Exercise -> Show the lines below that contain the string "with".

Given entries ->
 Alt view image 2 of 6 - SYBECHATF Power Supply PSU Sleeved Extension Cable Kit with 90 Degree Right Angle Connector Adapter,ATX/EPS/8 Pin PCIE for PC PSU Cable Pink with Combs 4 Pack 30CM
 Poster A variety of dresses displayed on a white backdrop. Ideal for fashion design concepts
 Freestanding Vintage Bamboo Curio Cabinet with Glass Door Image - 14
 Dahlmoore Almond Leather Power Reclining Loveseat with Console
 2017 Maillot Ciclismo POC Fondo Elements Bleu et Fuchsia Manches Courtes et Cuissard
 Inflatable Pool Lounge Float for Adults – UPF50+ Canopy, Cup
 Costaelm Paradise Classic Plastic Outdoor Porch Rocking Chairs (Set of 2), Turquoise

--

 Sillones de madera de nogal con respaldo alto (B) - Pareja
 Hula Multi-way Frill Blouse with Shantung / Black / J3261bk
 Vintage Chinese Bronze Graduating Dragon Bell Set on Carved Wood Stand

Task response ->
 Alt view image 2 of 6 - SYBECHATF Power Supply PSU Sleeved Extension Cable Kit with 90 Degree Right Angle Connector Adapter,ATX/EPS/8 Pin PCIE for PC PSU Cable Pink with Combs 4 Pack 30CM
 Freestanding Vintage Bamboo Curio Cabinet with Glass Door Image - 14
 Dahlmoore Almond Leather Power Reclining Loveseat with Console
 Hula Multi-way Frill Blouse with Shantung / Black / J3261bk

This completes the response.